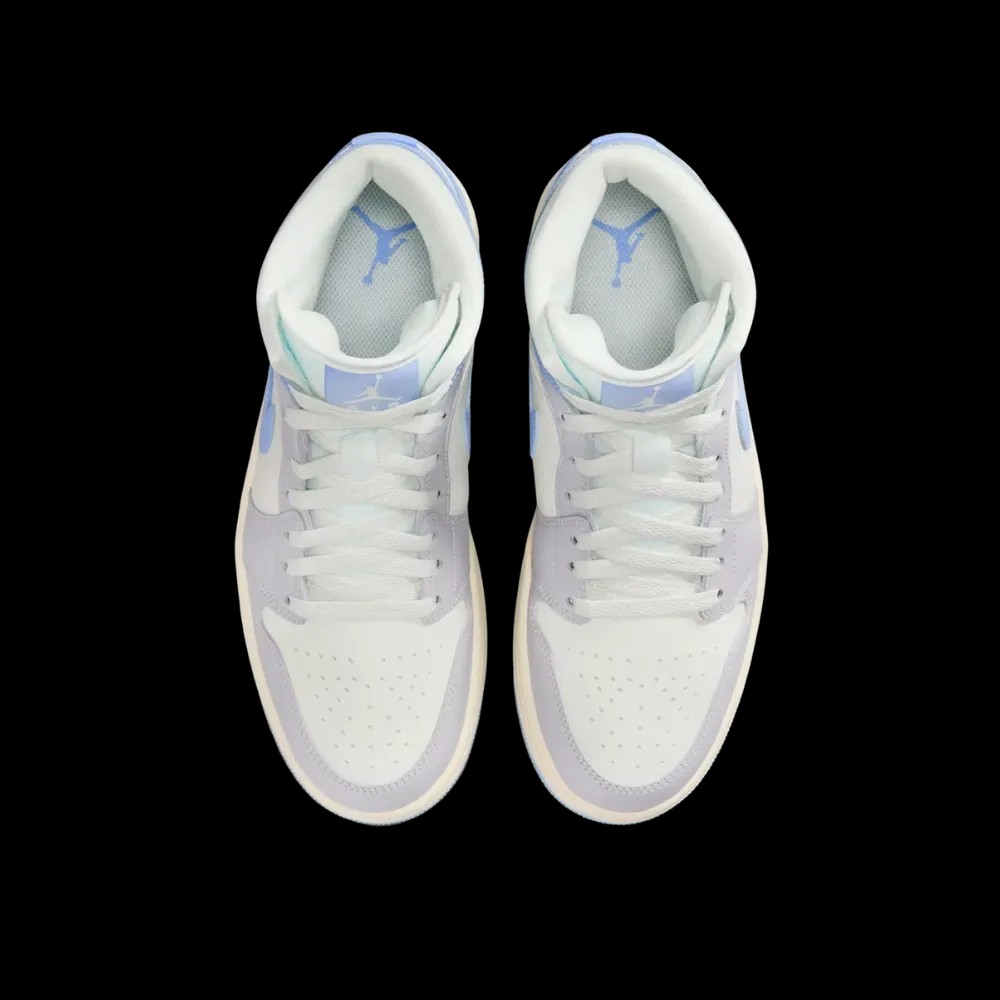 Air Jordan 1 Mid 'Psychic Blue Sail Coconut Milk' - HypeFly India View 4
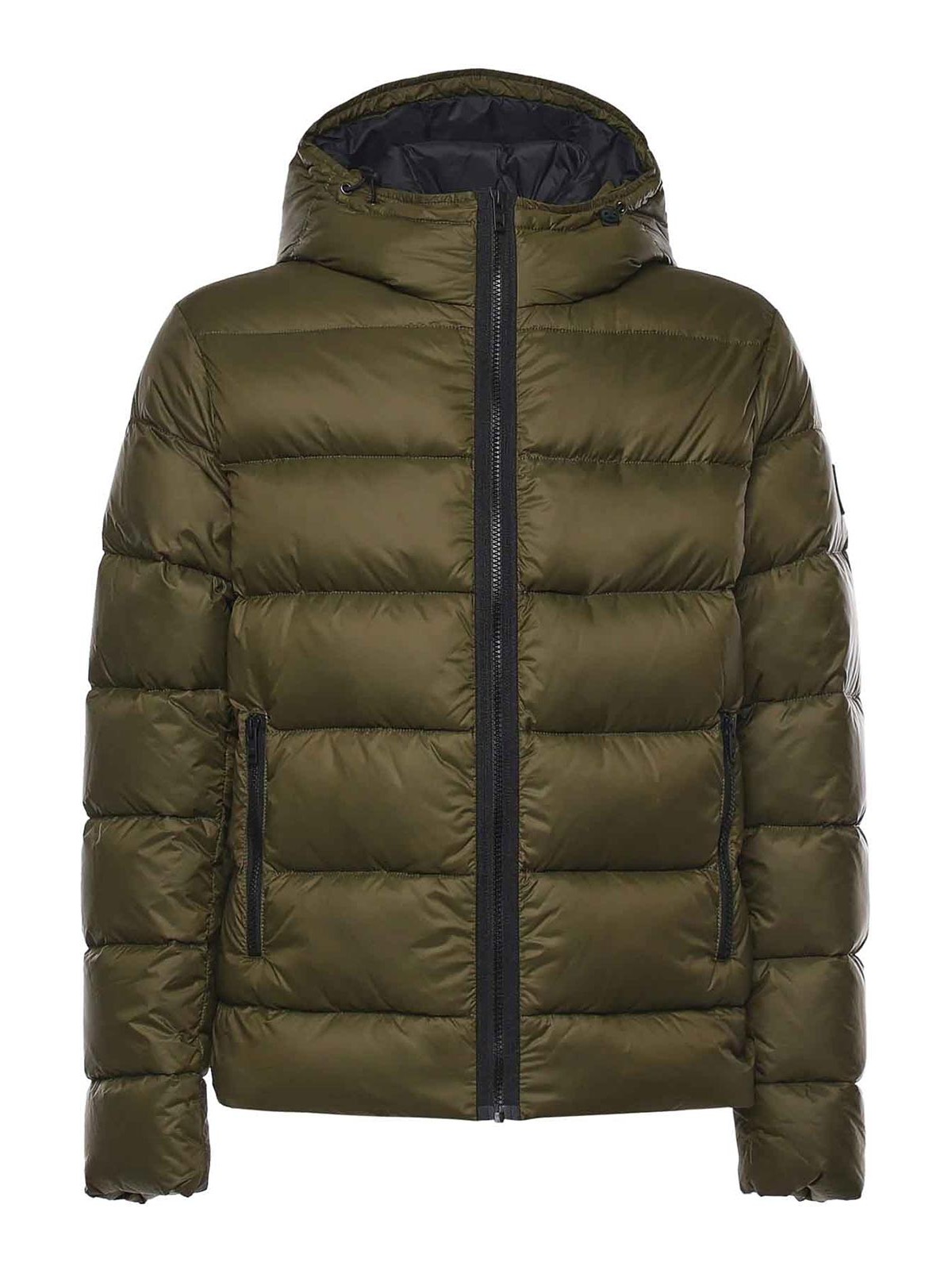Double-Front Down Jacket In Calendered Poplin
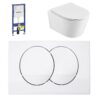 Geberit UP100 + Easy Flush Flat Compact + Delta 20 (wit)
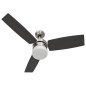 vidaXL Ventilador de techo con luz con mando marrón oscuro 108 cm vidaXL Ventilador de techo con luz con mando marrón oscuro 108 cm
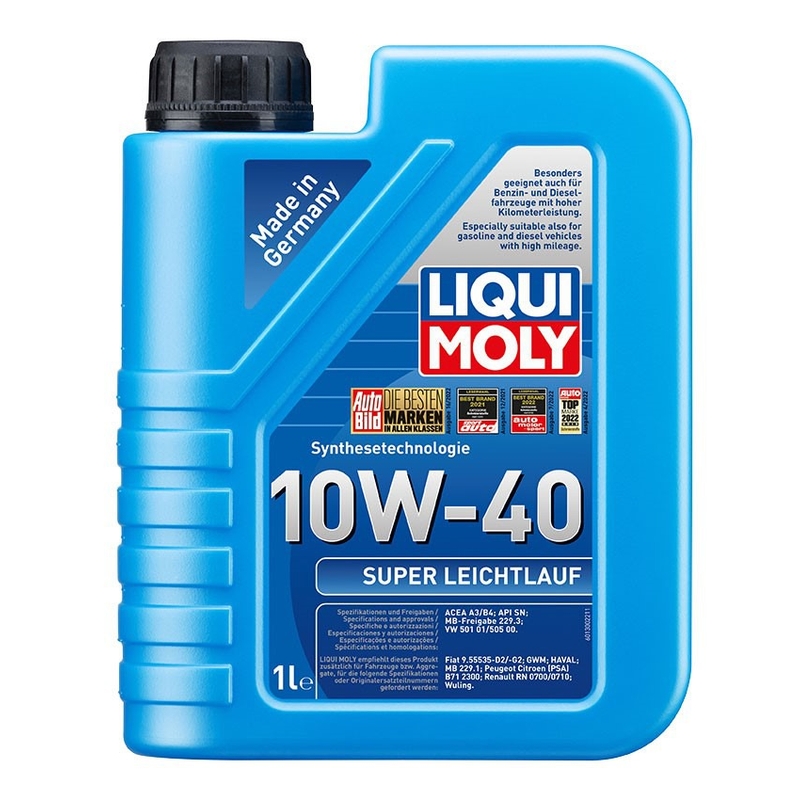 Synthetisches Motorenöl LIQUI MOLY Super Leichtlauf 10W-40 1 l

# What is required:
For every entry above, please output the text exactly and leave any picture behind.

# Output of the task:
 Air Jordan 1 Mid 'Psychic Blue Sail Coconut Milk' - HypeFly India View 4
Double-Front Down Jacket In Calendered Poplin
 Geberit UP100 + Easy Flush Flat Compact + Delta 20 (wit)
 vidaXL Ventilador de techo con luz con mando marrón oscuro 108 cm vidaXL Ventilador de techo con luz con mando marrón oscuro 108 cm
 Synthetisches Motorenöl LIQUI MOLY Super Leichtlauf 10W-40 1 l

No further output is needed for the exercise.